DIRECTIONS FOR THIS TASK: Strip the pictures and reproduce the rest of the listing exactly.

SOURCE RECORDS:
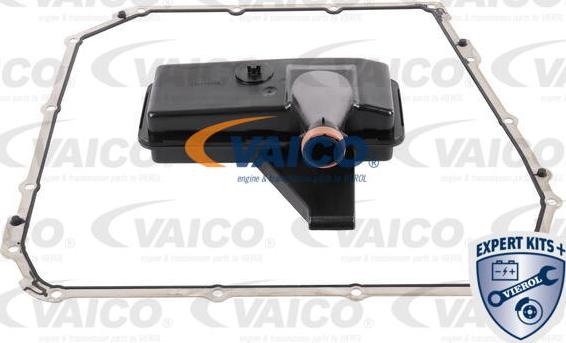VAICO V10-2221 - Hidrofiltrs, Automātiskā pārnesumkārba autodraugiem.lv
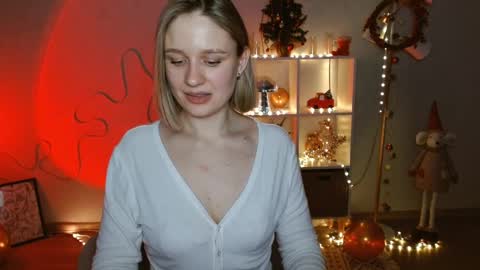Michelle  online show from December 30, 2:09 am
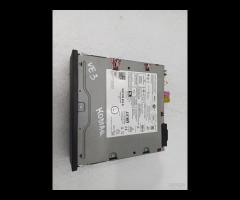 UNITA DI TESTA NAVIGAZIONE MULTIMEDIA SKODA KODIAQ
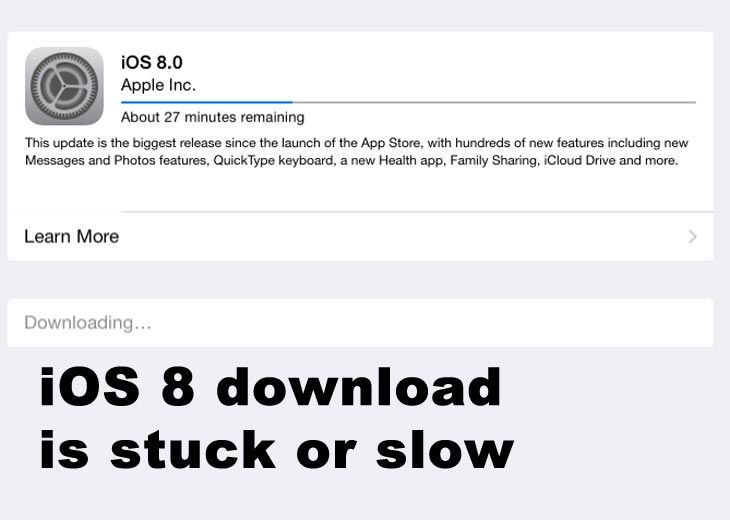 App Store Download Slow Mac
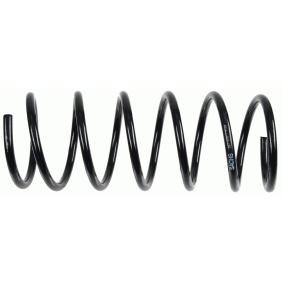 Fahrwerksfeder 997 474 von SACHS günstig für 43,73 € online kaufen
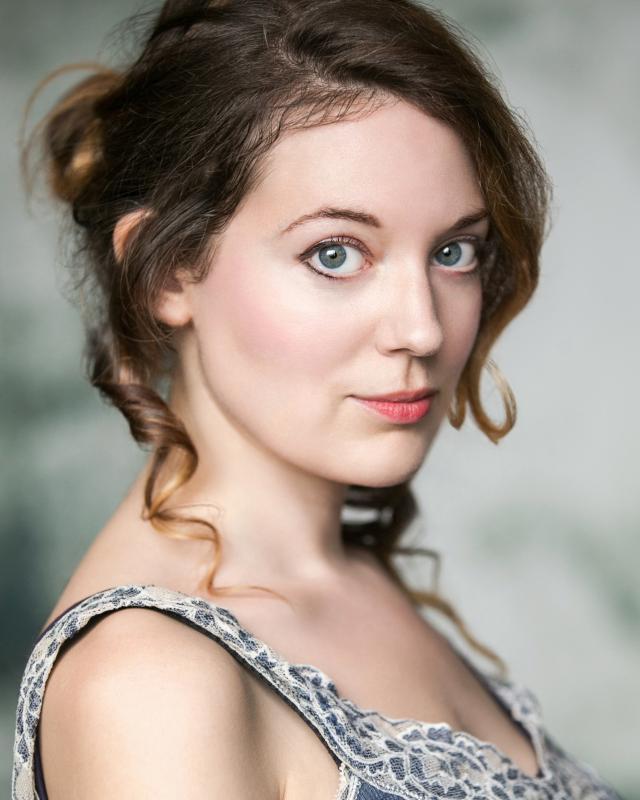 Ellie Jeffreys image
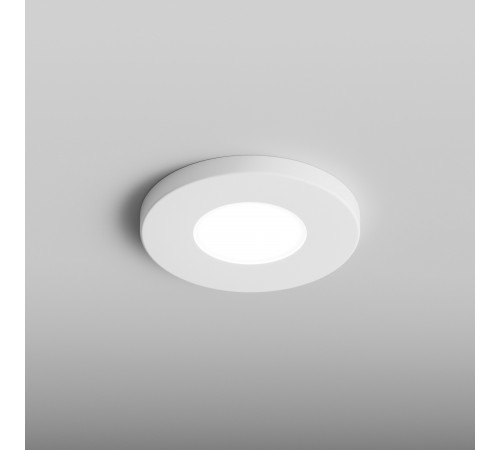 Встраиваемый светильник Hesby Lighting HSBL_0133 Clarity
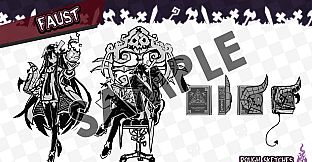 Trillion: God of Destruction - Deluxe Pack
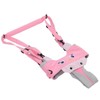 Baby Walking Harness Cartoon Handheld Toddler Walk Learning Helper Assistant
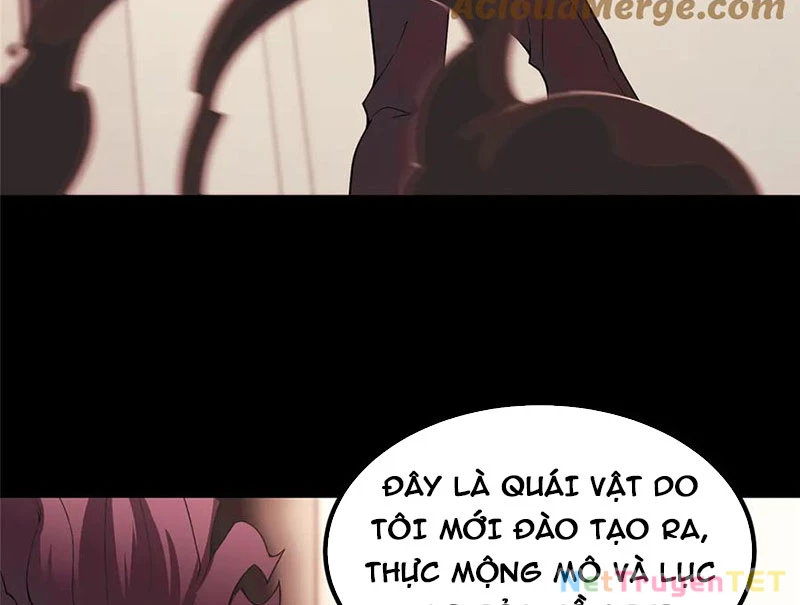 Thần Sủng Tiến Hóa Chapter 379 - Trang 4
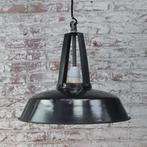Alton Grand - Industriele hanglamp vintage (Set), Industrial / Fabrieklamp, Gebruikt, Ophalen of Verzenden, Metaal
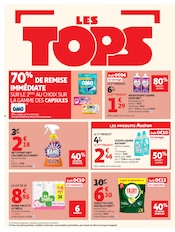 Promos Vaisselle dans le catalogue "LE GRAND SHOW D'HALLOWEEN" de Auchan Supermarché Vaisselle en promo dans le catalogue Auchan Supermarché à la page 6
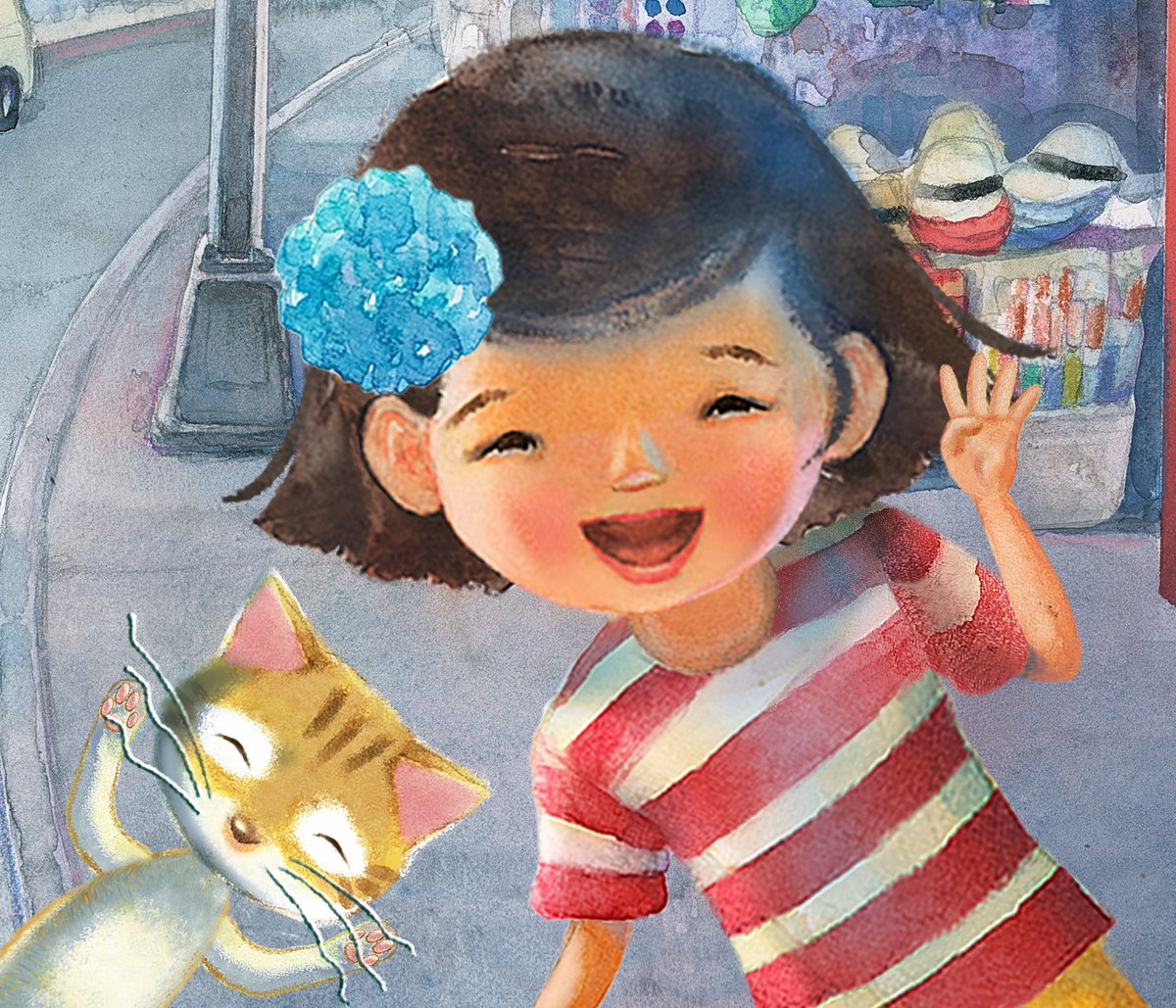 Ying-Hwa Hu tweet media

SOLUTION BELOW:
VAICO V10-2221 - Hidrofiltrs, Automātiskā pārnesumkārba autodraugiem.lv
Michelle  online show from December 30, 2:09 am
 UNITA DI TESTA NAVIGAZIONE MULTIMEDIA SKODA KODIAQ
 App Store Download Slow Mac
 Fahrwerksfeder 997 474 von SACHS günstig für 43,73 € online kaufen
 Ellie Jeffreys image
 Встраиваемый светильник Hesby Lighting HSBL_0133 Clarity
 Trillion: God of Destruction - Deluxe Pack
 Baby Walking Harness Cartoon Handheld Toddler Walk Learning Helper Assistant
 Thần Sủng Tiến Hóa Chapter 379 - Trang 4
Alton Grand - Industriele hanglamp vintage (Set), Industrial / Fabrieklamp, Gebruikt, Ophalen of Verzenden, Metaal
 Promos Vaisselle dans le catalogue "LE GRAND SHOW D'HALLOWEEN" de Auchan Supermarché Vaisselle en promo dans le catalogue Auchan Supermarché à la page 6
 Ying-Hwa Hu tweet media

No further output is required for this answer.